Namaquarachne thaumatula

Scientific classification
- Kingdom: Animalia
- Phylum: Arthropoda
- Subphylum: Chelicerata
- Class: Arachnida
- Order: Araneae
- Infraorder: Araneomorphae
- Family: Phyxelididae
- Genus: Namaquarachne
- Species: N. thaumatula
- Binomial name: Namaquarachne thaumatula Griswold, 1990
- Synonyms: Auximus hottentottus Purcell, 1908 (misidentified) ; Matundua hottentottus Lehtinen, 1967 (misidentified) ;

= Namaquarachne thaumatula =

- Authority: Griswold, 1990

Species of spider

Namaquarachne thaumatula is a species of spider in the family Phyxelididae. It is endemic to South Africa.

==Distribution==
Namaquarachne thaumatula is endemic to the Northern Cape province of South Africa. It is known from two localities, Steinkopf and Gams 60.

==Habitat and ecology==
The species is a ground retreat-web cryptic spider found in the arid Succulent Karoo biome.

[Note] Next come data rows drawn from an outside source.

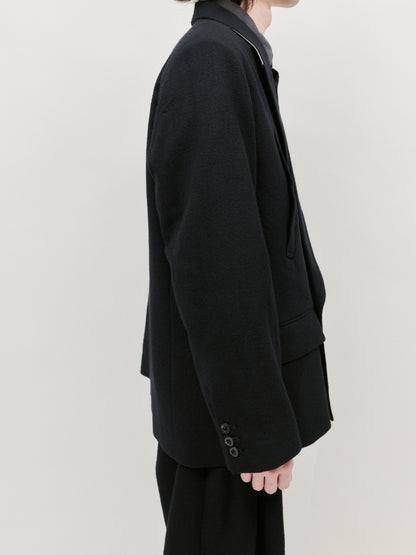 ANCELLM　DOUBLE TAILORED JACKET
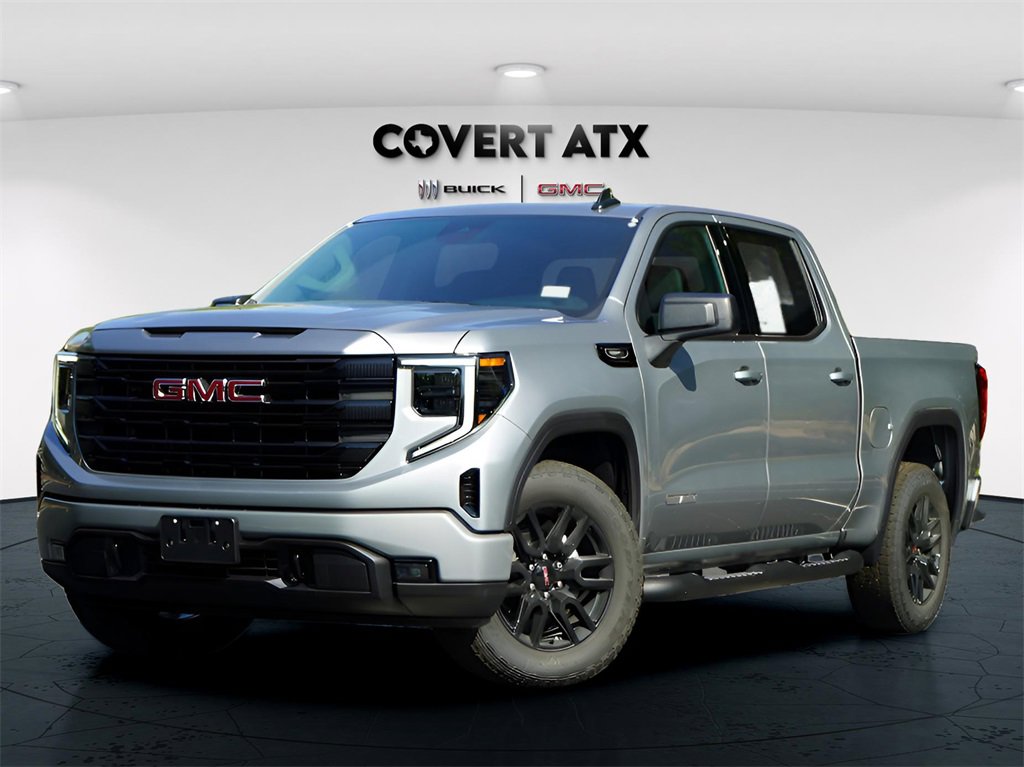 2026 GMC Sierra 1500 Elevation's photo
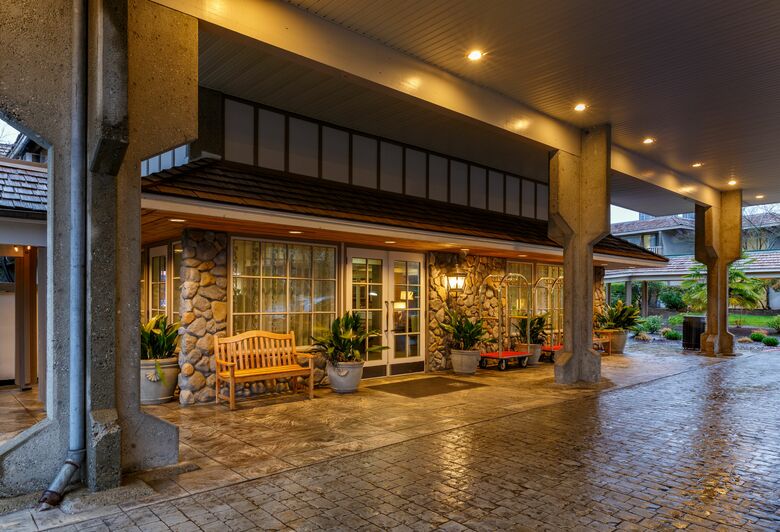 Hotel Red Lion Bellevue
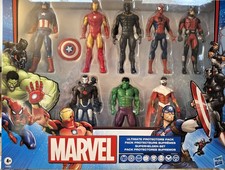 Marvel Ultimate Protector Box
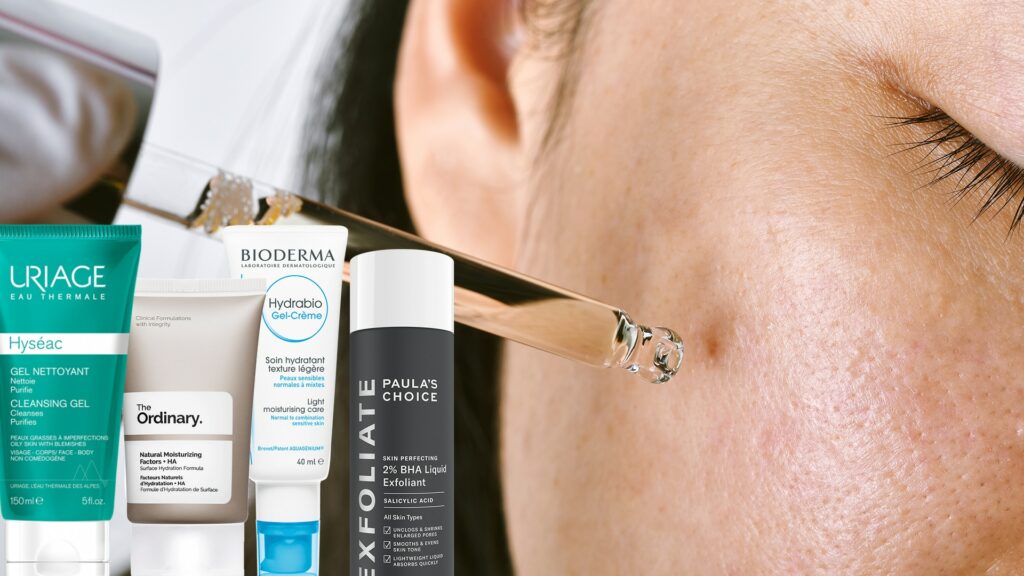 Dans quel ordre les produits de soin sont-ils appliqués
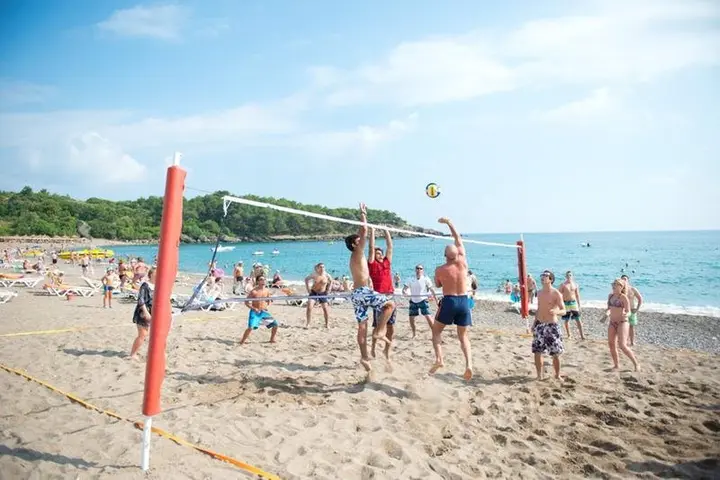 Окурджалар: Sea Life Buket Beach Hotel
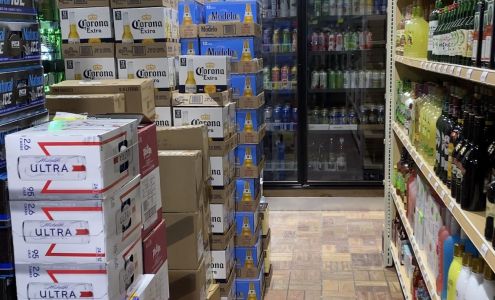 Marathon Liquor Oakdale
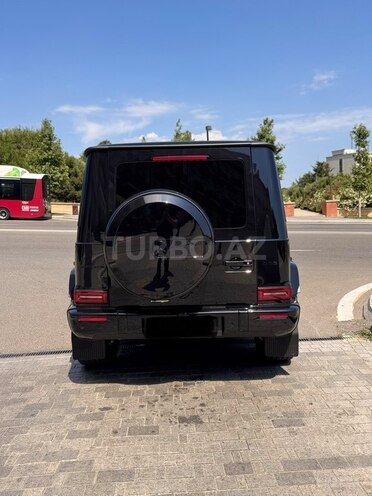 Mercedes G 63 AMG-4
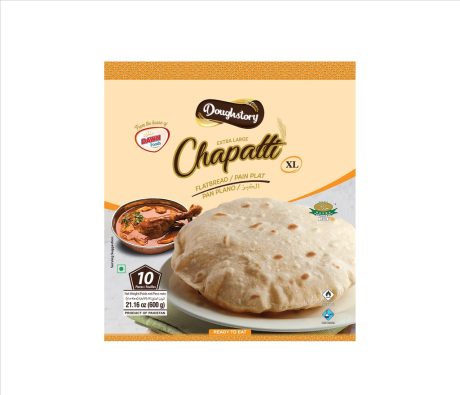 Doughstory Chapatti 10pc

It has been recorded at elevations ranging from 718 to 870 m above sea level.

==Conservation==
Namaquarachne thaumatula is listed as Data Deficient by SANBI. The species is known from only two localities, with specimens originally collected in 1904. Mining activities at both sites may pose a threat to the species. More sampling is needed to determine the species range.

==Taxonomy==
The species was originally described by Griswold in 1990 from Steinkopf. The species had been previously misidentified as Auximus hottentottus by Purcell in 1908 and as Matundua hottentottus by Pekka Lehtinen in 1967.